#### [EXERCISE DETAILS]
Every record is to be printed exactly as written, and any picture in it is skipped.
══ MATERIAL SUPPLIED
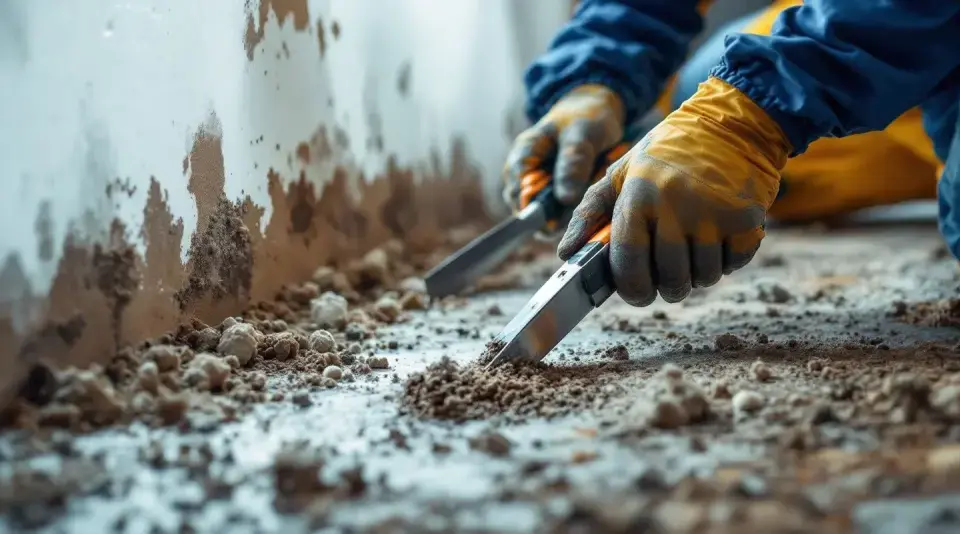 Mold Remediation Cost Guide Grants Pass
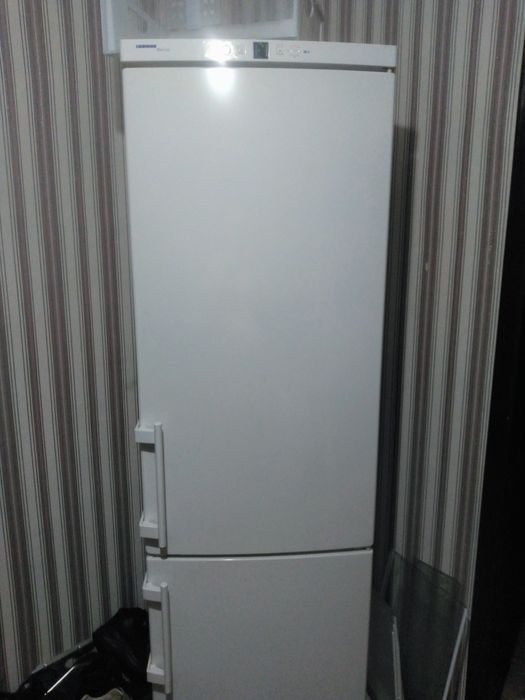 Liebherr  куллер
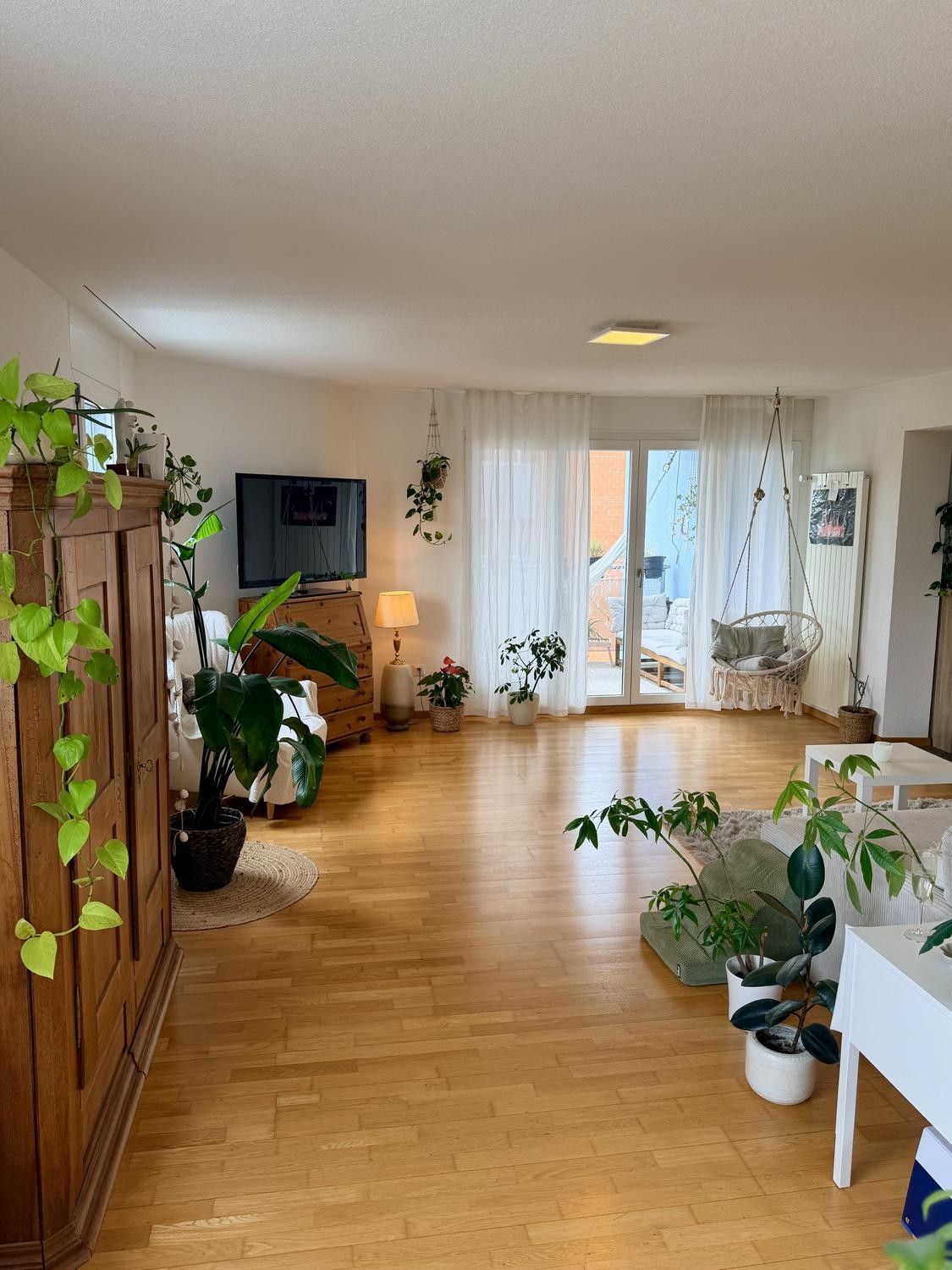 Appartamento di 4 ½ locali
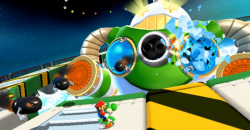 Super Mario Galaxy 2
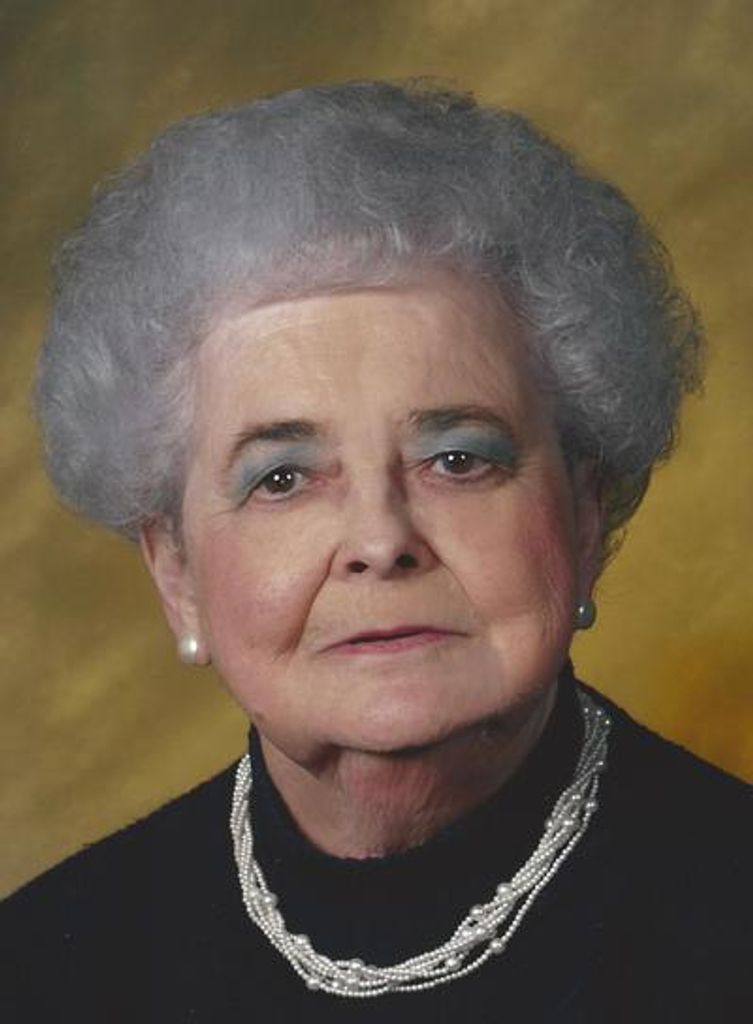 Norma Robins Profile Photo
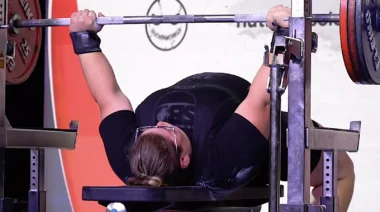 Amélie Mierger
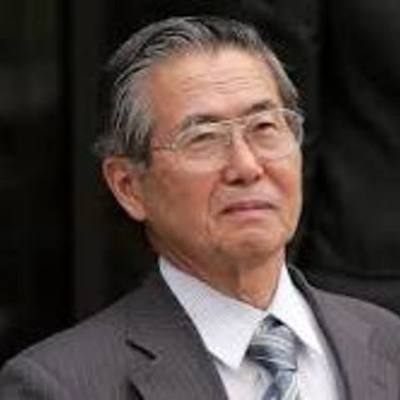 Timeline: Alberto Fujimori
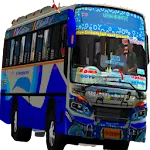 Tamil Bus Mod Livery | Indones | Indus Appstore | App Icon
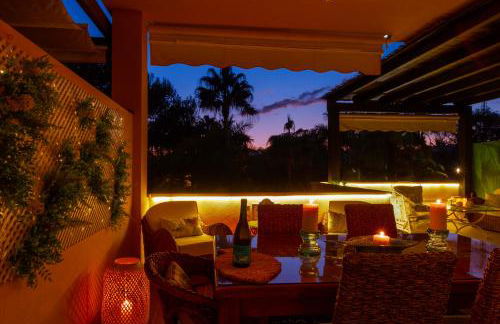 MARBELLA BANUS SUITES - Banús Las Mimosas Suite Apartment - Foto 8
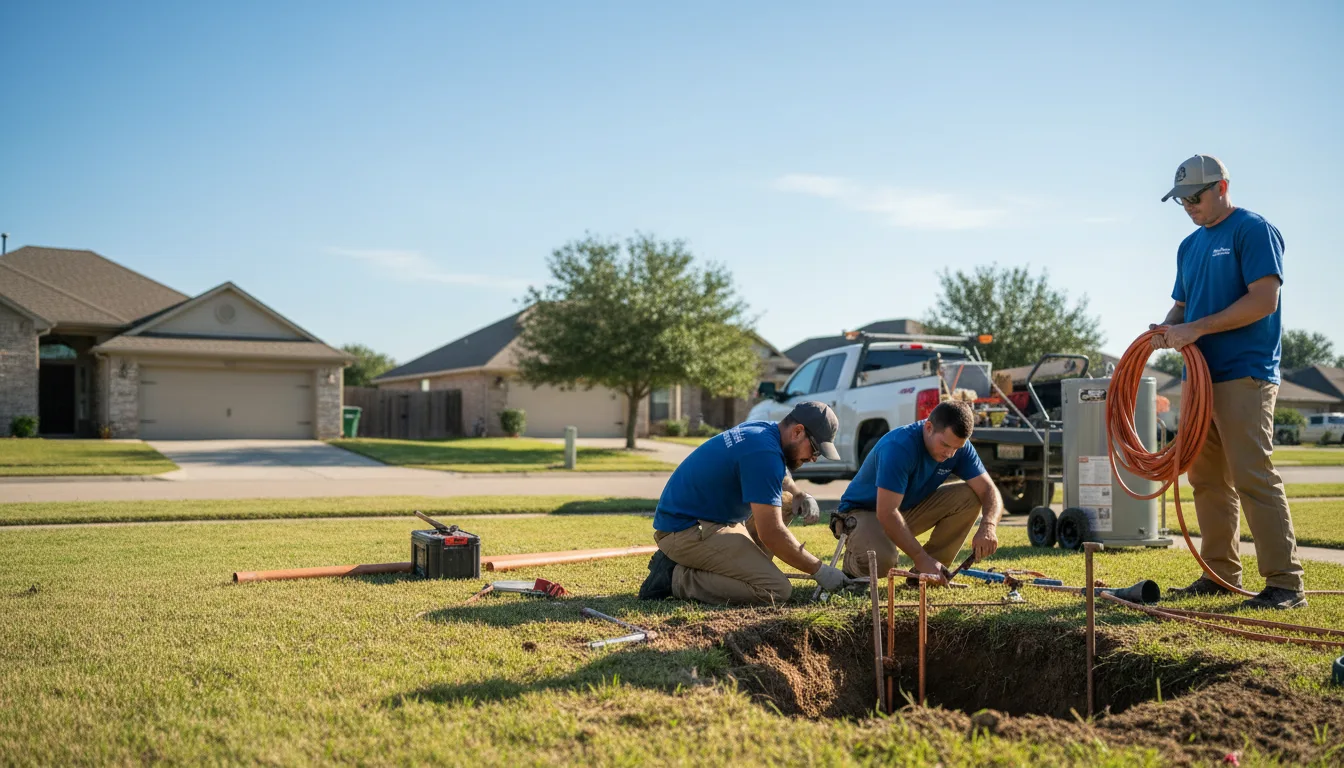 Plumber in Piqua, KS near me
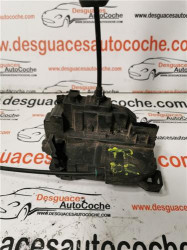 CERRADURA PUERTA TRA. DCHA.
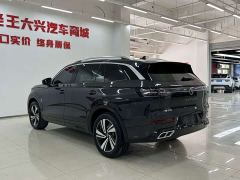 Volkswagen Lanhun 380TSI AWD R-Line Cruising Zhongxiang Edition - photo 14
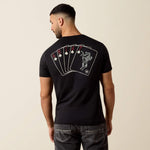 Ariat Ranch Royalty T-Shirt - US 5084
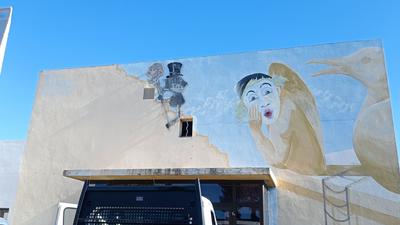 Le Sunny Comedy à Martigues, Stand-up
════
#### [ANSWER SPACE]
 Mold Remediation Cost Guide Grants Pass
 Liebherr  куллер
 Appartamento di 4 ½ locali
 Super Mario Galaxy 2
 Norma Robins Profile Photo
 Amélie Mierger
 Timeline: Alberto Fujimori
 Tamil Bus Mod Livery | Indones | Indus Appstore | App Icon
 MARBELLA BANUS SUITES - Banús Las Mimosas Suite Apartment - Foto 8
 Plumber in Piqua, KS near me
 CERRADURA PUERTA TRA. DCHA.
 Volkswagen Lanhun 380TSI AWD R-Line Cruising Zhongxiang Edition - photo 14
 Ariat Ranch Royalty T-Shirt - US 5084
 Le Sunny Comedy à Martigues, Stand-up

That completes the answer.